EXERCISE DIRECTIONS:
Would you print, word for word, only the lines running from the line with "iPhone 11 64GB" to the last line of the entries, without the pictures?

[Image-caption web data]
[Start of section]
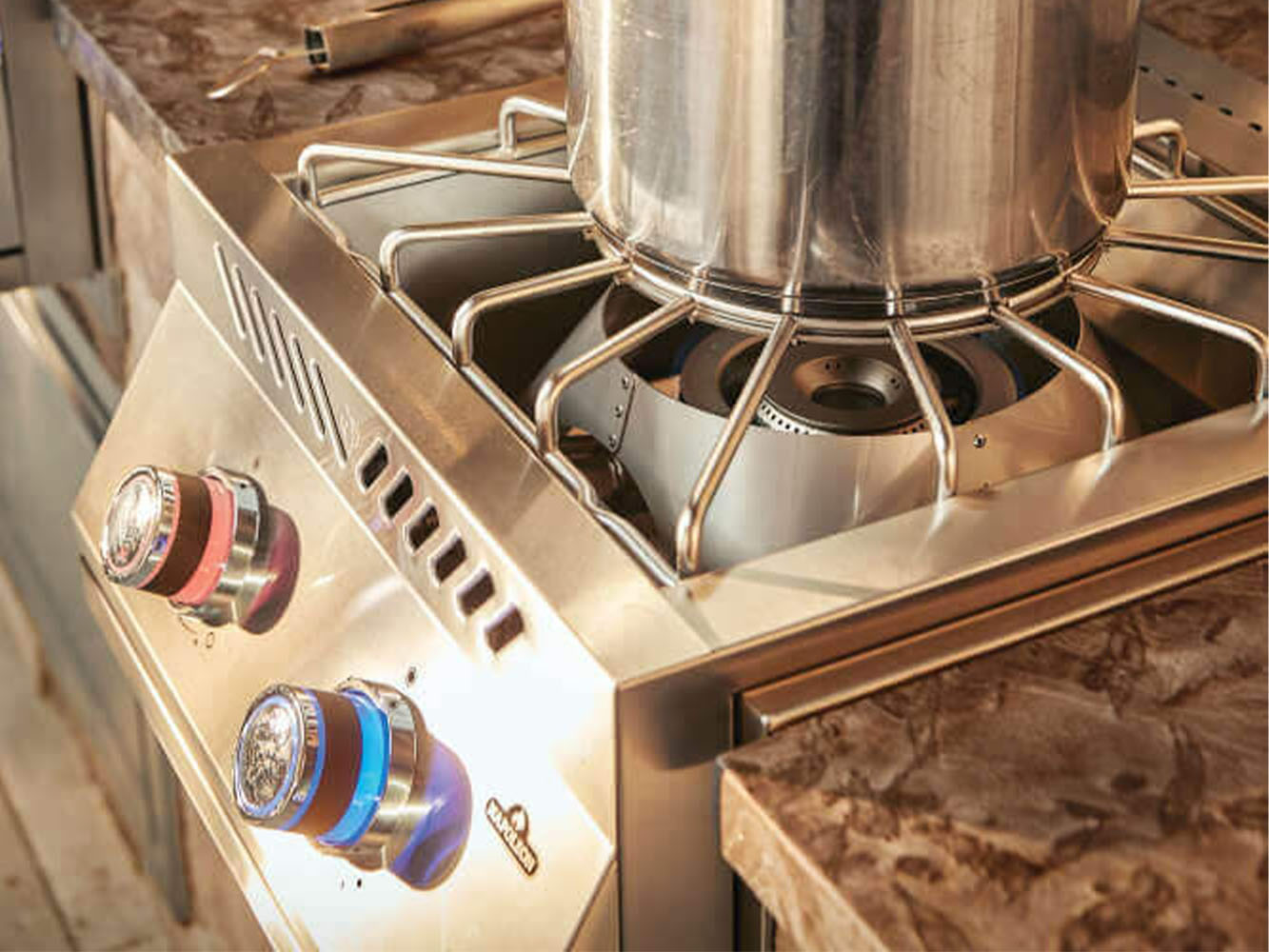 Napoleon Quemador Potente Integrado Serie 700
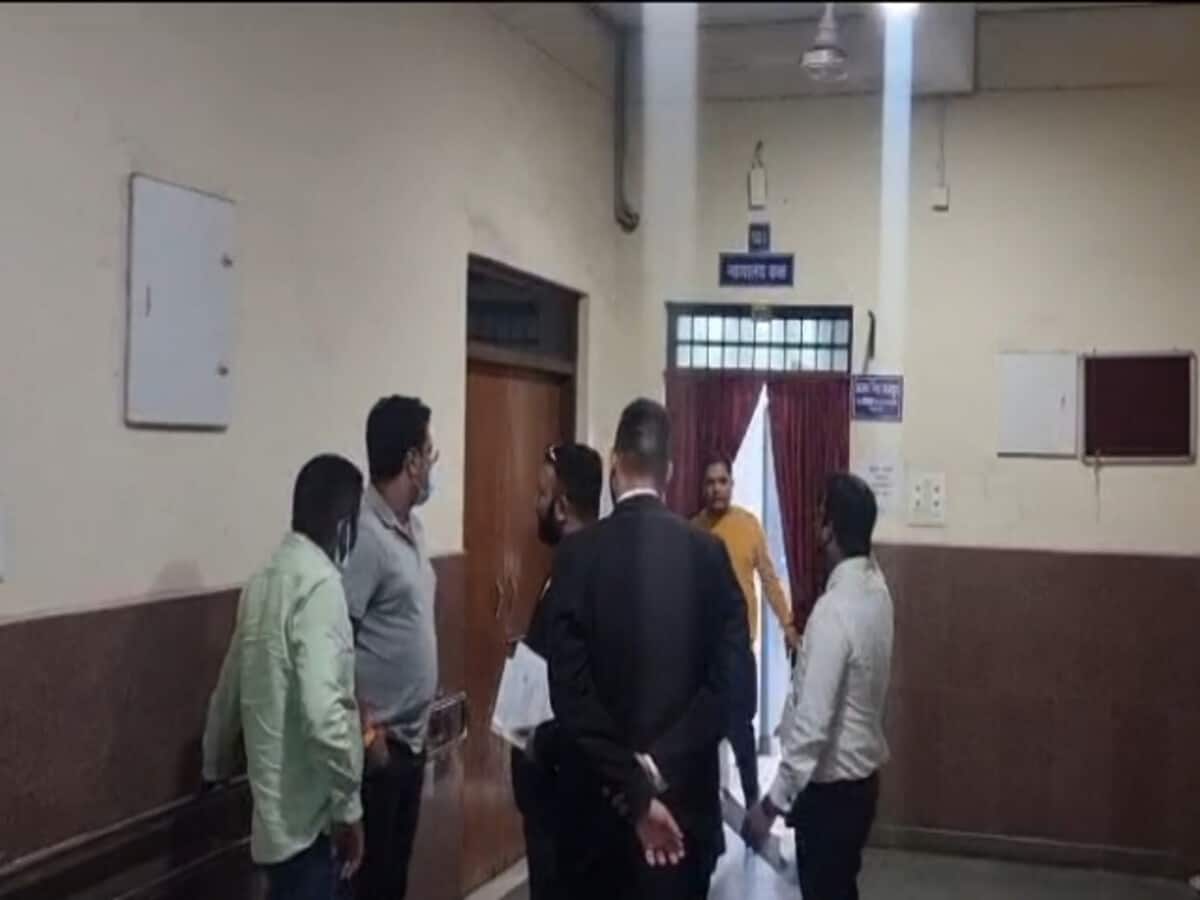 महादेव सट्टा मामले में ईडी ने दो आरोपियों को किया गिरफ्तार, कोर्ट में किया गया पेश, जानें पूरा मामला महादेव सट्टा मामले में ईडी ने दो आरोपियों को किया गिरफ्तार, कोर्ट में किया गया पेश, जानें पूरा मामला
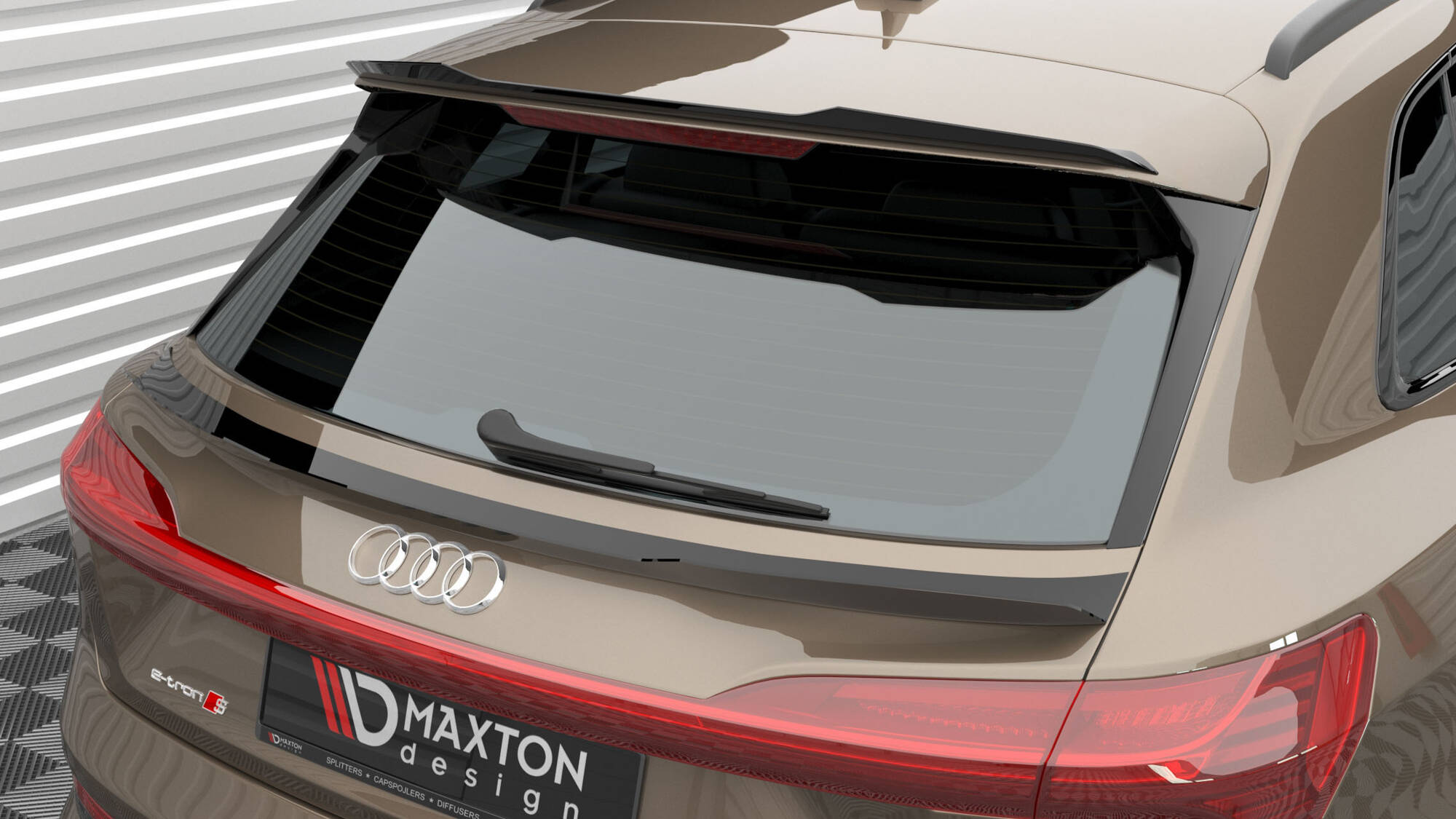 Unterer Heck Spoiler Aufsatz Abrisskante passend für Audi e-tron schwarz Hochglanz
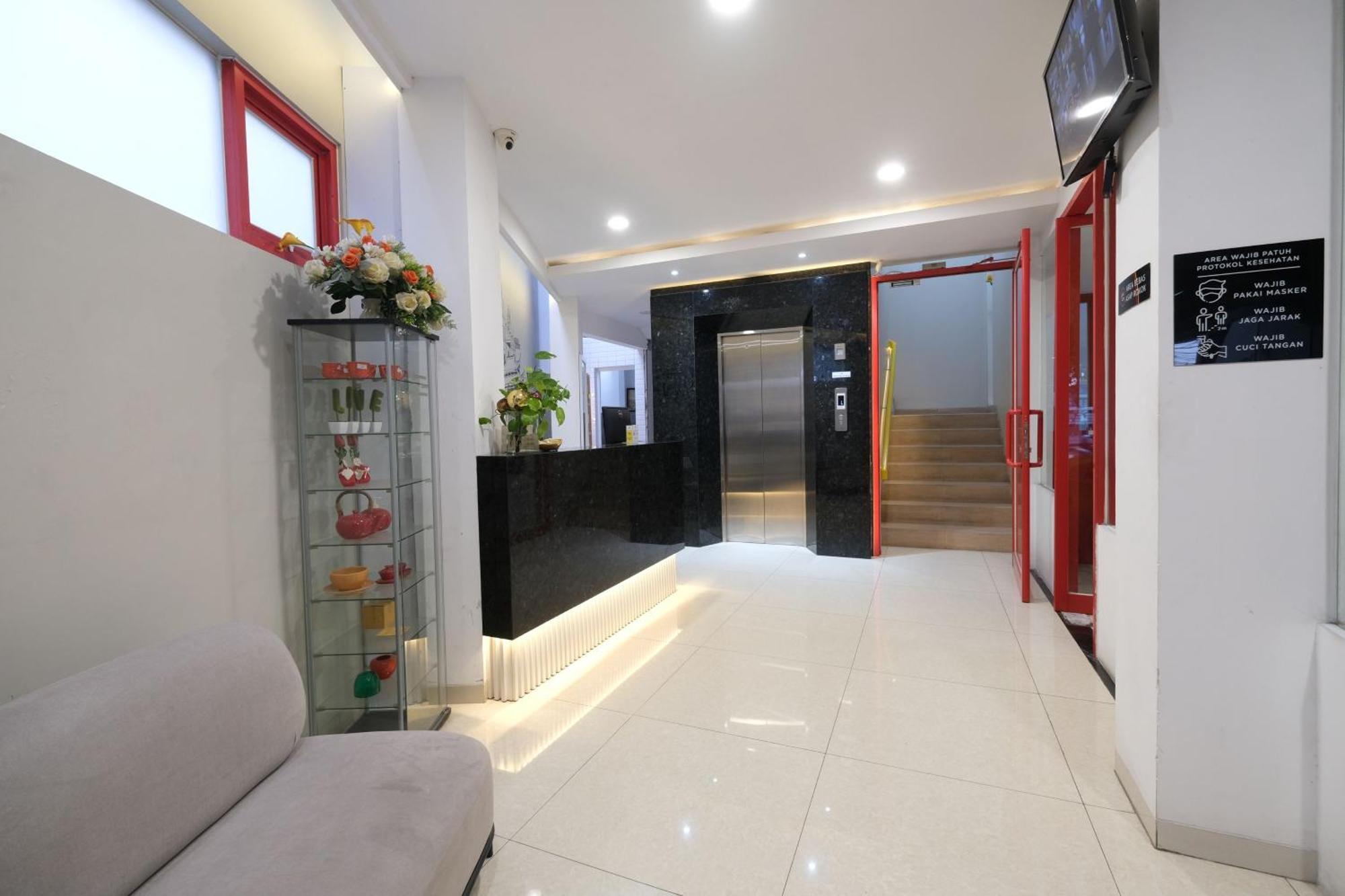 S101 Hotels Semarang Eksteriør bilde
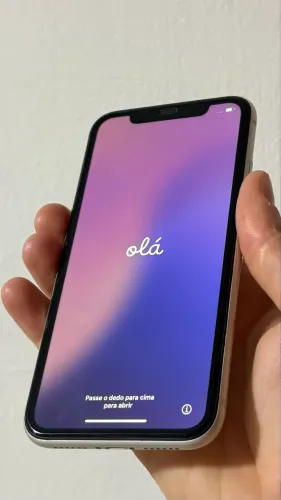 iPhone 11 64GB - Muito Conservado + Caixa e Cabo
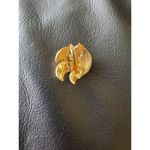 Trifari Vintage  Clip On 1 Earring Replacement White Shell Gold Women's Glam Photo 1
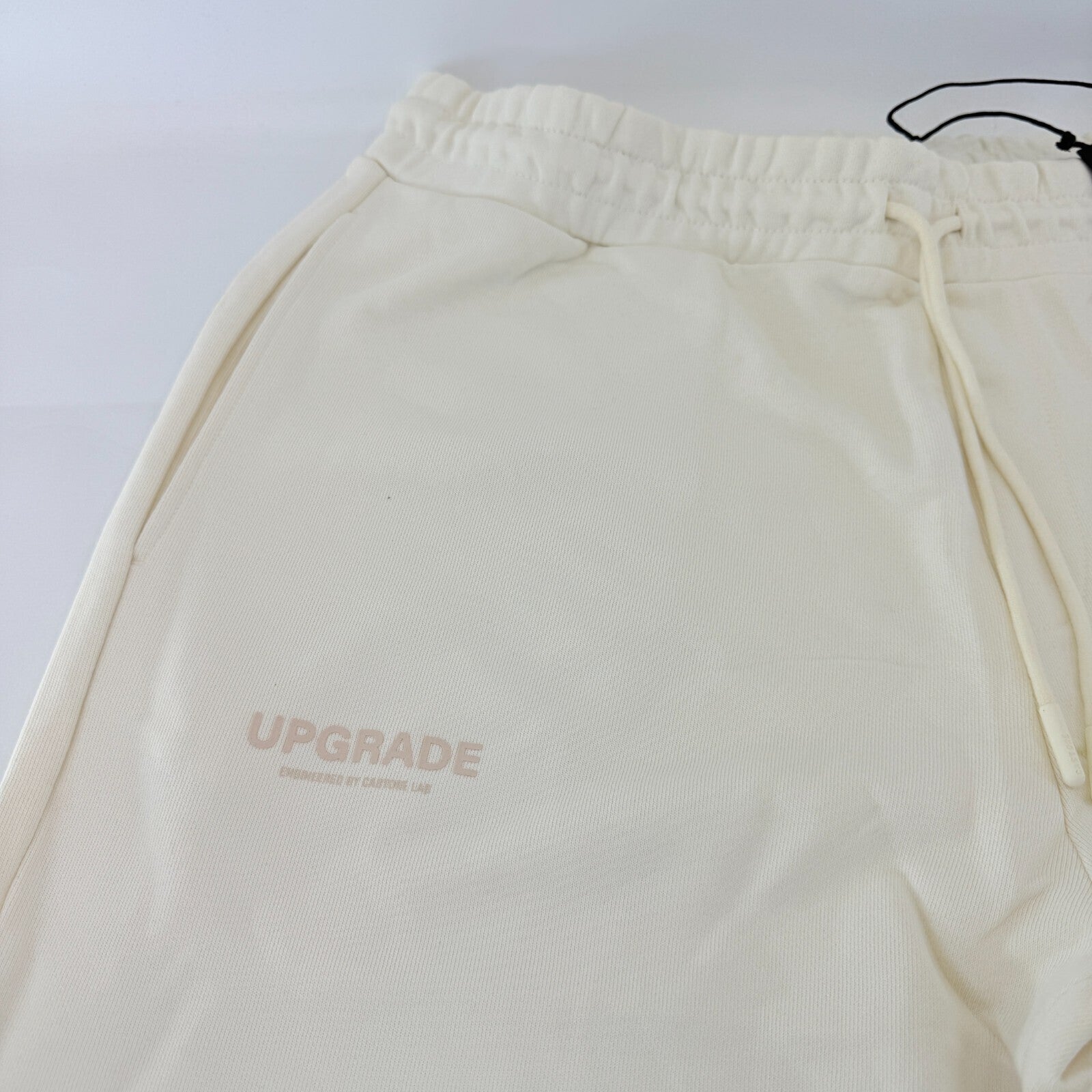 Castore Upgrade Mens Active Reverse Weave Joggers in Cream size XL New with Tags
[End of section]
FINISHED EXERCISE:
 iPhone 11 64GB - Muito Conservado + Caixa e Cabo
 Trifari Vintage  Clip On 1 Earring Replacement White Shell Gold Women's Glam Photo 1
 Castore Upgrade Mens Active Reverse Weave Joggers in Cream size XL New with Tags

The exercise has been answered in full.